Exercise aim: For the entries that appear below, write out the exact text and omit the pictures.

Supplied records:
..............................

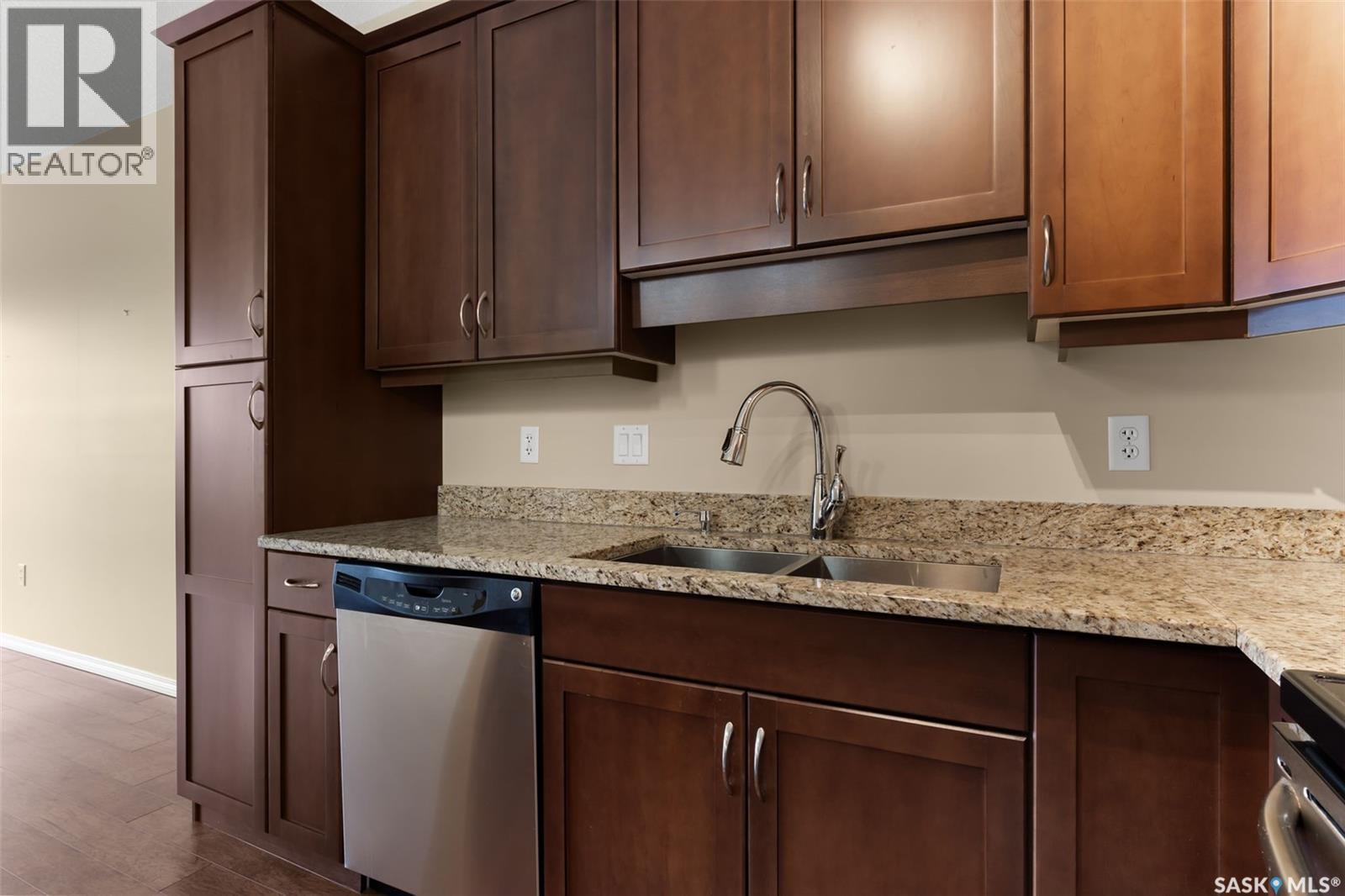 Photo 9 of 311 2160 Heseltine Road, Regina SK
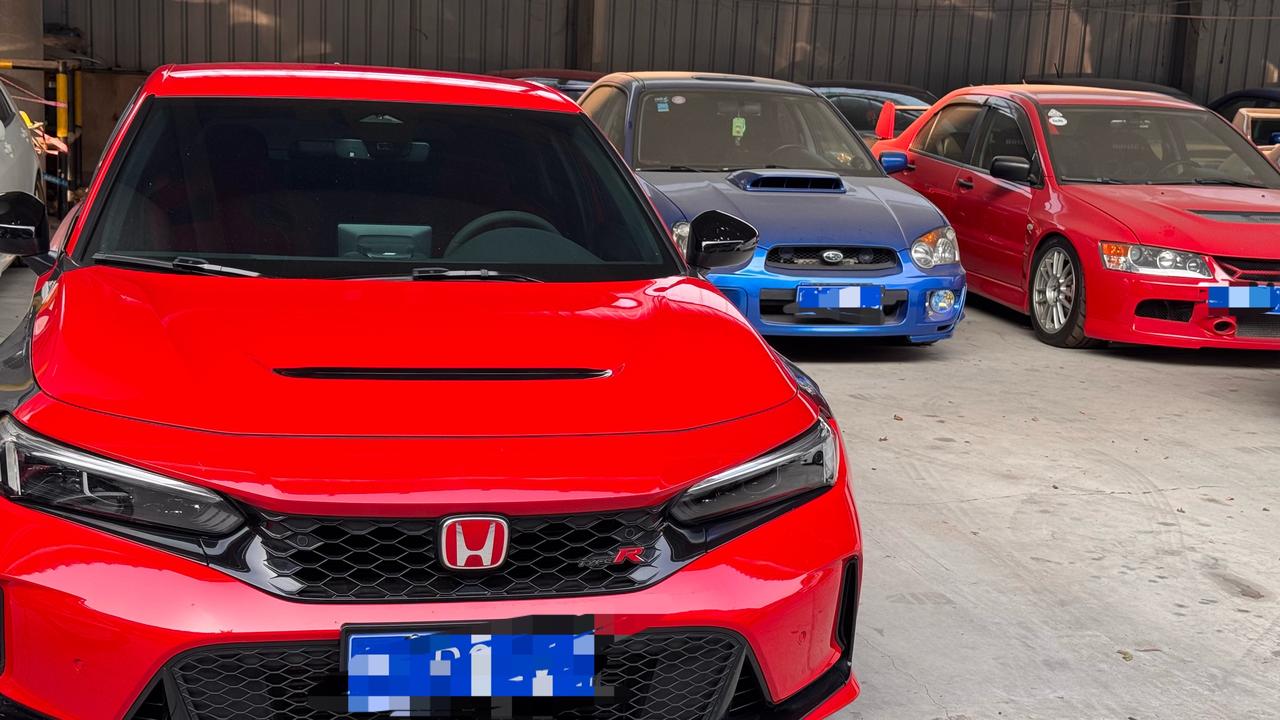 三台大尾翼的手波车
是曾经辉煌
但在国内逐渐没落/下行的三个品牌
不过也是因为它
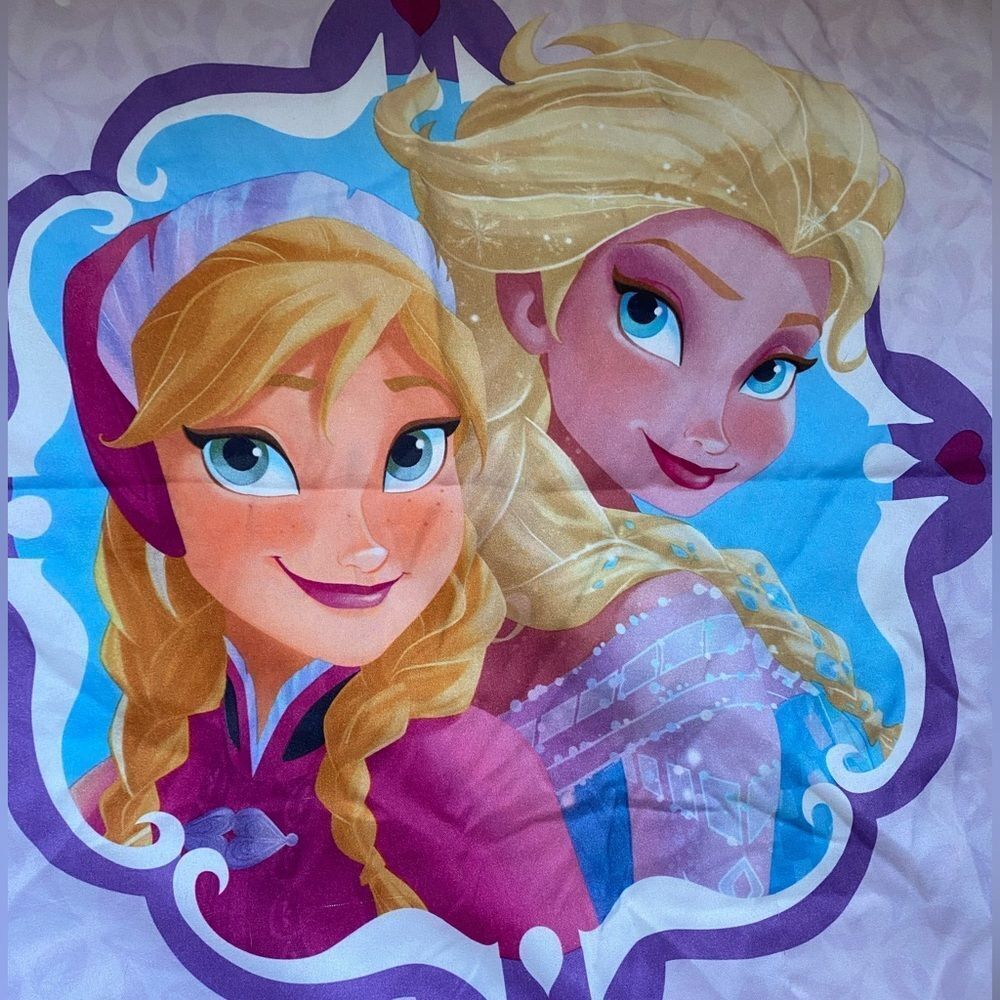 Disney Standard Size Anna Elsa Reverse Pattern Pillowcases
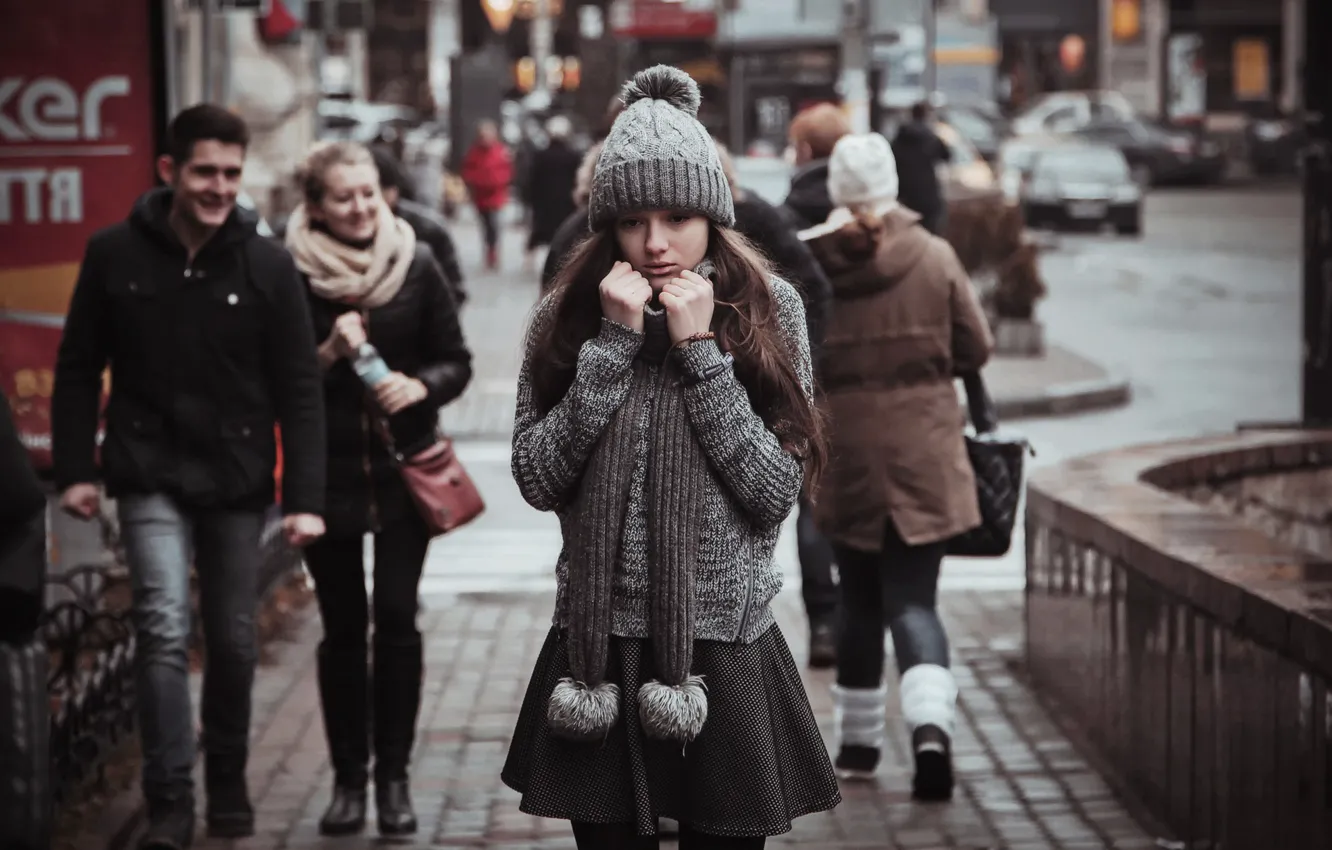 Фото обои девушка, город, улица, холодно, юбочка, прохожие, Руслан Жуков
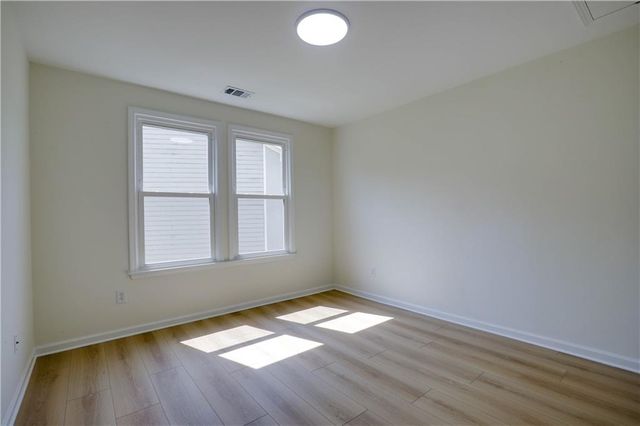 1116 Sadlers Close, Marietta, GA 30068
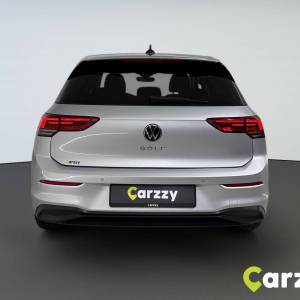 VW Golf 8 2.0 TDI LIFE - 3 godine jamstva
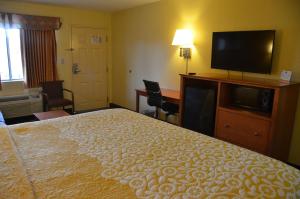 Standard King Room - Smoking room in Days Inn by Wyndham Airport Nashville East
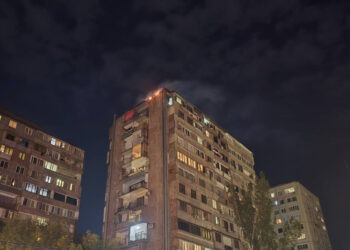 Երվանդ Քոչարի շենքերից մեկի տանիքում հրդեհ է բռնկվել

..............................

Written reply:
 Photo 9 of 311 2160 Heseltine Road, Regina SK
 三台大尾翼的手波车
是曾经辉煌
但在国内逐渐没落/下行的三个品牌
不过也是因为它
 Disney Standard Size Anna Elsa Reverse Pattern Pillowcases
 Фото обои девушка, город, улица, холодно, юбочка, прохожие, Руслан Жуков
 1116 Sadlers Close, Marietta, GA 30068
 VW Golf 8 2.0 TDI LIFE - 3 godine jamstva
 Standard King Room - Smoking room in Days Inn by Wyndham Airport Nashville East
 Երվանդ Քոչարի շենքերից մեկի տանիքում հրդեհ է բռնկվել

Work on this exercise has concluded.